▸ Assignment:
If a line in the records below contains "bedrooms", copy that line.

▸ Provided information:
━━━━━━━━━━━━━━━━━━━━━━━━━━━━━━

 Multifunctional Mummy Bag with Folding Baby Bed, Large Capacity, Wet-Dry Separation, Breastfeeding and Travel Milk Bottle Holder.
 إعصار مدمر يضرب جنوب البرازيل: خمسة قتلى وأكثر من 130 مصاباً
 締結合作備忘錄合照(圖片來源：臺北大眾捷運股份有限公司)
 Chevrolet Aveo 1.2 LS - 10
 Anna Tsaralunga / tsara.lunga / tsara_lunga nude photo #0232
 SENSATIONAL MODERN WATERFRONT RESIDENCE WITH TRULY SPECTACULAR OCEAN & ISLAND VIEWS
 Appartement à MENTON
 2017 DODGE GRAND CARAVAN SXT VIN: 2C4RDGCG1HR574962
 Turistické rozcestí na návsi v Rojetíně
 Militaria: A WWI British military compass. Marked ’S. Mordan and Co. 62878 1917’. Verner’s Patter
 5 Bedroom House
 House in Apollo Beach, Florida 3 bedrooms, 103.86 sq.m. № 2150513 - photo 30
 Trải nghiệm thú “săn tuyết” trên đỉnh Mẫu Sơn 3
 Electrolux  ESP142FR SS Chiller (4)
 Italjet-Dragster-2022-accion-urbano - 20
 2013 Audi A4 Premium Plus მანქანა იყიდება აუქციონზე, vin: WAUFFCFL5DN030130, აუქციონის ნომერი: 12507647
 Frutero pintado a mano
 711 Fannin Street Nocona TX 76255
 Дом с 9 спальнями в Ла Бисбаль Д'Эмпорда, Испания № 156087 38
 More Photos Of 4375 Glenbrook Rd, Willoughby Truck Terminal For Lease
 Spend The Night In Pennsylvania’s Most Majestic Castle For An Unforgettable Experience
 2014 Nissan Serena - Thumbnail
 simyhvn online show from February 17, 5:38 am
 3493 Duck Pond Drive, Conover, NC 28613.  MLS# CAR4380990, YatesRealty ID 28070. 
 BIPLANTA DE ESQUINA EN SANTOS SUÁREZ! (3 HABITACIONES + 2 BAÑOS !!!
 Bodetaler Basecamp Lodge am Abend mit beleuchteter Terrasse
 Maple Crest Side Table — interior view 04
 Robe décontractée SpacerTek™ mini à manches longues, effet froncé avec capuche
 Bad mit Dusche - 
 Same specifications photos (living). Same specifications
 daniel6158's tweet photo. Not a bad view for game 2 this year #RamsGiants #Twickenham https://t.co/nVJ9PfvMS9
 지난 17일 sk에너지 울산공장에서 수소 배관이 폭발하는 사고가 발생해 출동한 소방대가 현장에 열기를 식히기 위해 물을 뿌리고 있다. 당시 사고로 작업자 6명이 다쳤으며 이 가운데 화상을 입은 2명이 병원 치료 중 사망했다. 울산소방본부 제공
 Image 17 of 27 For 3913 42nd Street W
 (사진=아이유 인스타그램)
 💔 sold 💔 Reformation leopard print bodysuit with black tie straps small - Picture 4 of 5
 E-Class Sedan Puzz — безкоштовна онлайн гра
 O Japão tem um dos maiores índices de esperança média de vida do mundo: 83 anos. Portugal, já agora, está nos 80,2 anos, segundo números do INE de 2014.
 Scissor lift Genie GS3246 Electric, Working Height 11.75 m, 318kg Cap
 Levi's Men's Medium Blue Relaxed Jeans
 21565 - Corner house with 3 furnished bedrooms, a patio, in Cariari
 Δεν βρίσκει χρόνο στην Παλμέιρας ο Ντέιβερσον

━━━━━━━━━━━━━━━━━━━━━━━━━━━━━━

▸ Answer to the exercise:
 House in Apollo Beach, Florida 3 bedrooms, 103.86 sq.m. № 2150513 - photo 30
 21565 - Corner house with 3 furnished bedrooms, a patio, in Cariari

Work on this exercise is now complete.